Saint Jean, dans la 2e lecture, nous rappelle que « Dieu nous a tellement aimés, [que] nous devons, nous aussi, nous aimer les uns les autres », et d’ajouter ; « si nous nous aimons les uns les autres, Dieu demeure en nous », de manière effective. Ainsi, si nous voulons savoir si nous aimons Dieu, il nous faut nous demander dans quelle mesure nous aimons notre prochain…

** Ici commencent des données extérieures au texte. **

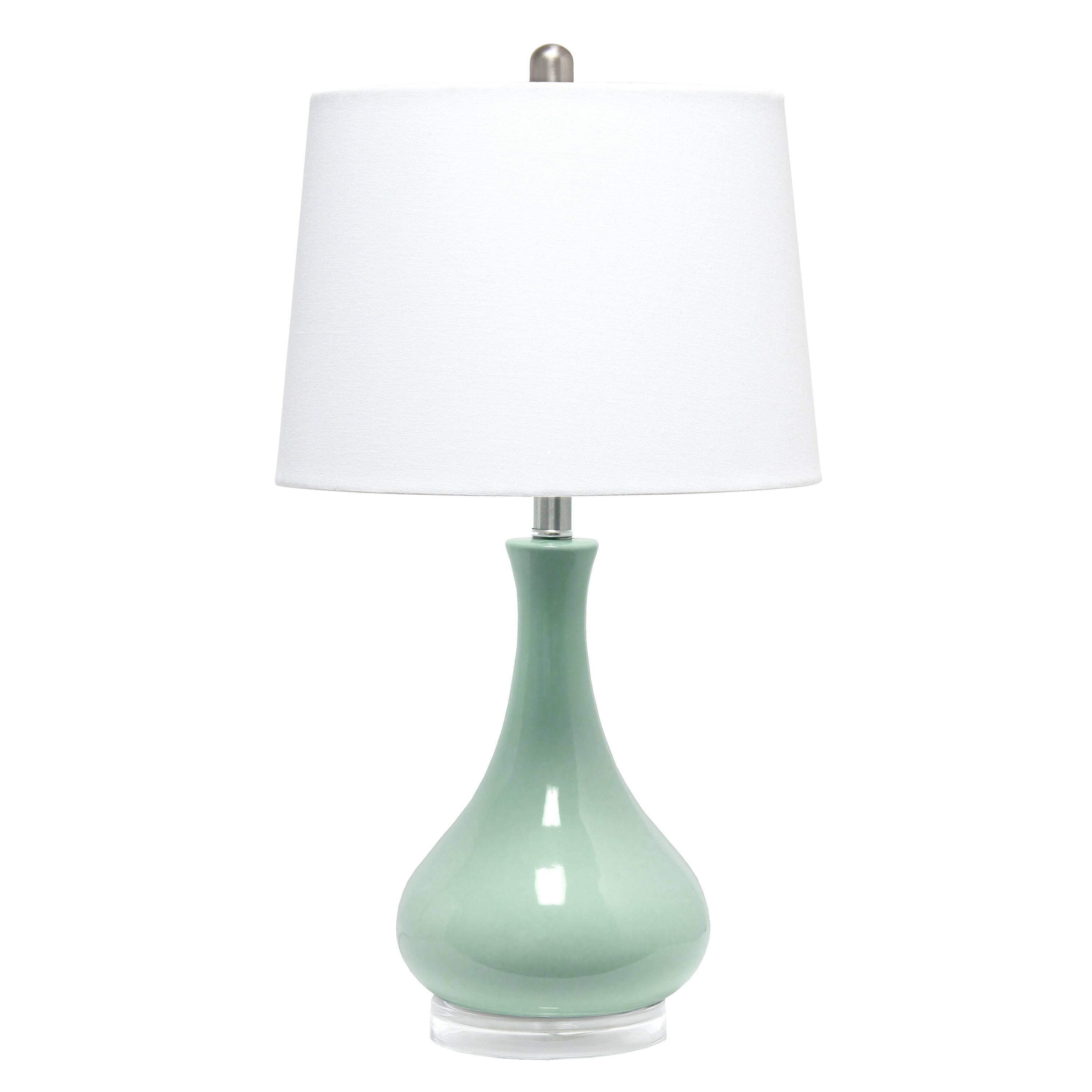 Front. Lalia Home - Droplet Table Lamp with Fabric Shade - Aqua.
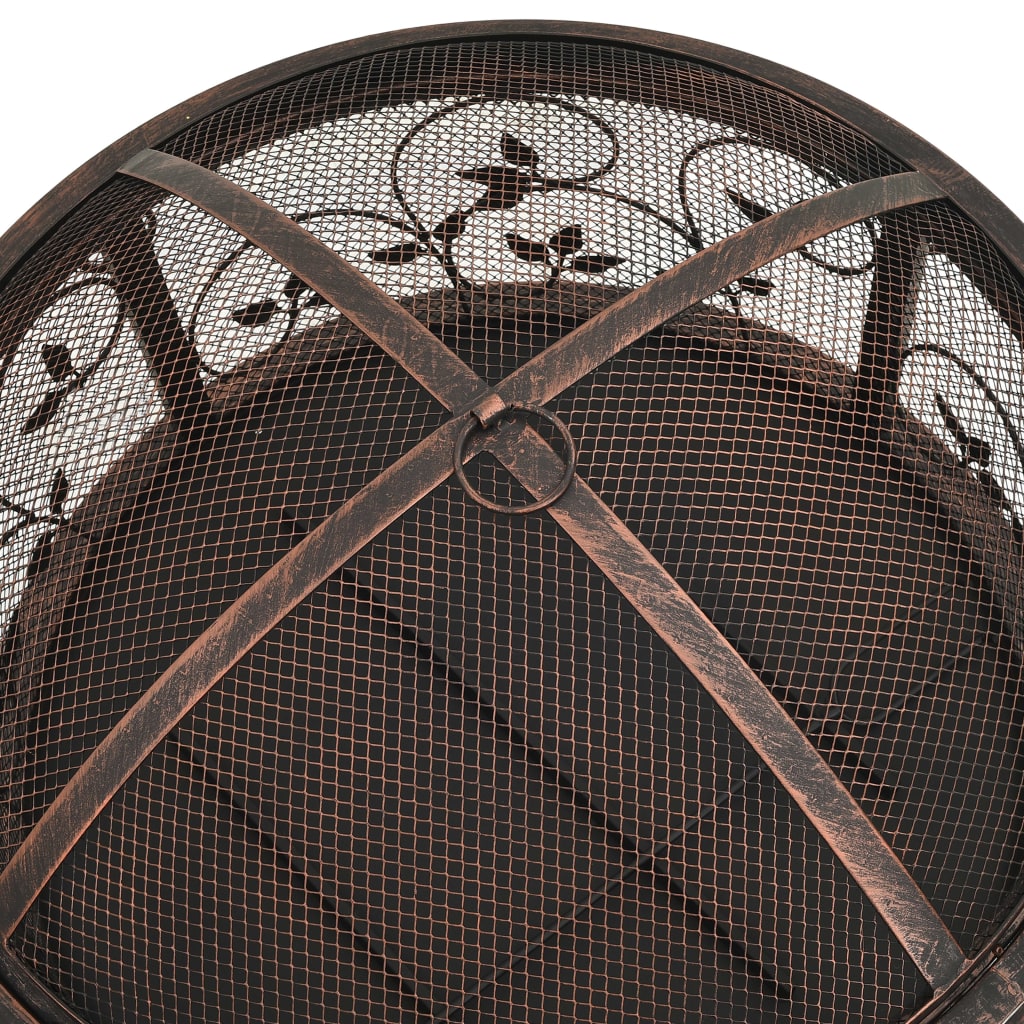 vidaXL Rustic Fire Pit with Poker 67.5 cm XXL Steel - Black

Mais nous pourrions être pris de découragement, car des événements peuvent refroidir notre charité envers autrui, et nous mettre dans l’abattement. Et c’est une tentation présente dès les tout-débuts de l’Église, à travers la fin tragique de Judas. Dans le livre des Actes, Pierre se lève au milieu de l’assemblée des fidèles, et prend la parole ; il encourage les croyants à continuer à aller de l’avant, en ne s’arrêtant pas à la stupeur ayant été provoquée par la trahison de celui que Jésus nomme « fils de la perdition ». Ainsi Matthias reçoit-il pour mission de prendre la place délaissée par Judas. Nous pourrions, quant à nous, être également tentés par le découragement, pour d’autres raison, en se disant notamment : quelle est ma mission, à moi qui suis sur le tard de ma vie, étant désormais âgé de 70, 80, 90 ans ou plus ? Ou bien ; quelle est ma mission, à moi qui ai au contraire toute la vie devant moi ? Ou encore ; je suis malade et affaibli, quelle pourrait donc être ma propre contribution envers autrui ?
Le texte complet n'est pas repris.